Caesar: Who is it in the press that calls on me? I hear a tongue, shriller than all the music, Cry ‘Caesar!’ Speak; Caesar is turn’d to hear.
Soothsayer: Beware the ides of March.
~Julius Caesar receives a times series forecast from his data scientist in Act I, Scene 2
Every person and organization needs to have a plan, but planning is hard because we’re not sure what will happen. How much demand will there be for our product this quarter? How many people will come to our coffee shop? If we could answer these questions, we could figure out how many people to hire, how many products we’ll need to make, how much coffee we should buy, etc.
Of course, people still find ways to muddle through. Generally, we make think about the likely scenarios, and plan for those. If you possess some data about the past, you can use it to make a model, and the model can tell you what scenarios you should plan for.
If you’ve ever lived in our near a hurricane zone (or for that matter, seen a hurricane on the news), then you’ve probably seen a spaghetti plot. It shows all the paths that the hurricane might take, based on meterological analysis:
Spaghetti plot of Hurricane Dorian. Each strand is a path that a simulated hurricane took in one of many runs of the simulation.
This is a tool for planning about an uncertain future. If a hurricane is coming to your town, you had best be ready. Organizations like FEMA need to figure out how to deploy personnel, supplies, potential evacuation orders, and other high-stakes decisions. Residents of those places need to understand how likely it is that the hurricane will appear near them.
The spaghetti plot is a very rich diagram! First, it shows us what sort of overall path the hurricane is likely to take. Secondly, it lets us look up a specific spot on the map, and see how likely it is that a hurricane will pass through, by looking at how densely packed the paths are.
There are plenty of decisions in my life (professional and personal) where a spaghetti plot would have come in handy. In every data science job I’ve ever had, I’ve had to help stakeholders set targets and forecast future performance based on some historical data and a lot of guessing.
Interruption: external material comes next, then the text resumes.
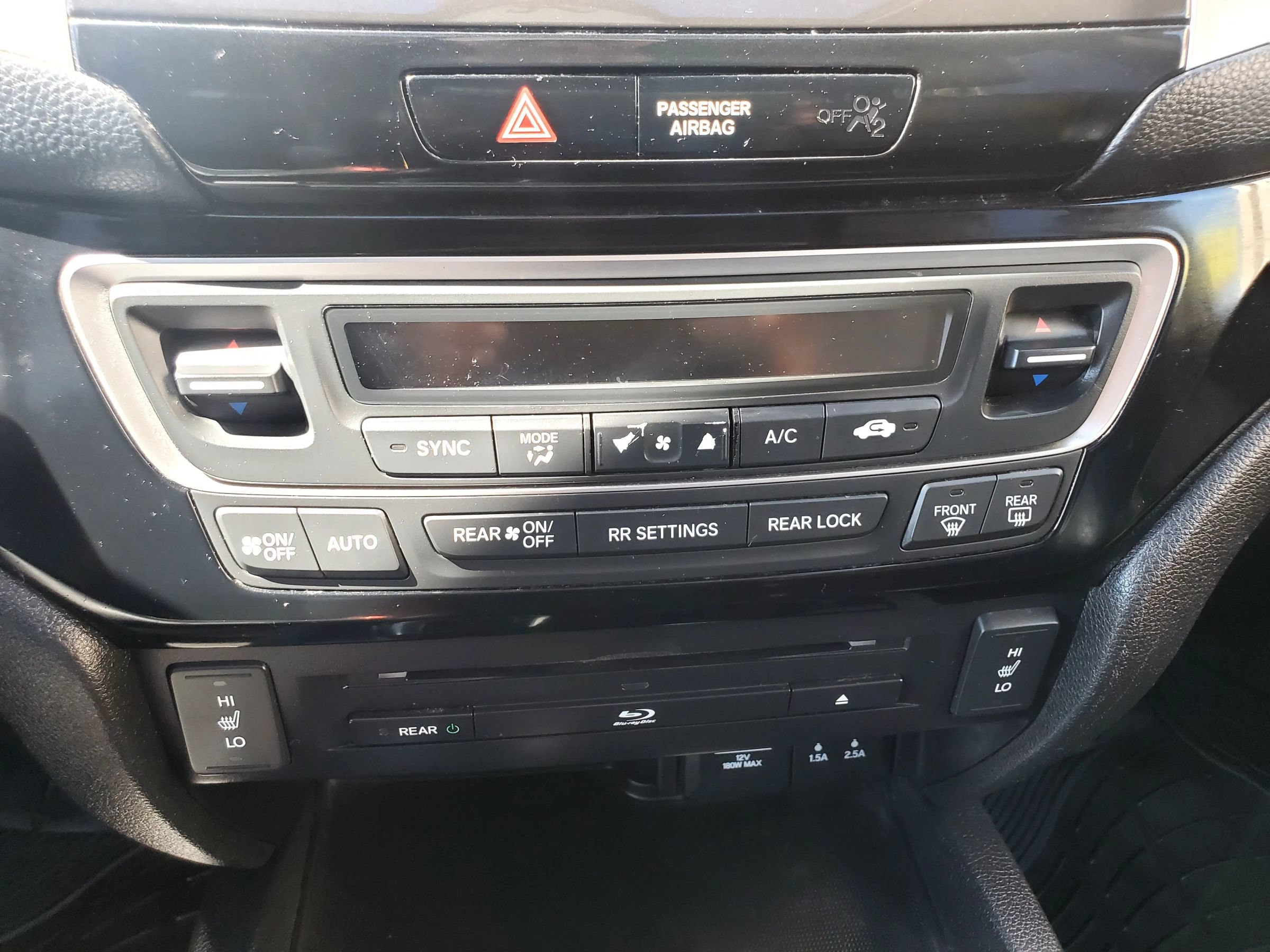 Used 2016 Honda Pilot Touring image 40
In a previous post, we put ourselves in the shoes of airline industry leaders, trying to use historical travel data to plan for this year’s capacity by building an autoregressive (AR) model. In this post, we’ll revisit that example using an expanded model (ARIMA), and generate simulations that will help in decision-making. Lets look at the time series of historical passenger totals:
import pandas as pd
from matplotlib import pyplot as plt
df = pd.read_csv('https://raw.githubusercontent.com/jbrownlee/Datasets/master/airline-passengers.csv')
y = df.Passengers
n_obs = len(y)
plt.plot(y)
plt.title('Airline passengers by month')
plt.ylabel('Total passengers')
plt.xlabel('Month')
plt.show()
What happens next? If we knew, we could plan - airlines need things to support all those passengers, like planes, pilots, flight attendants, fuel, etc. Figuring out how much of those things we need depends on how much demand there is.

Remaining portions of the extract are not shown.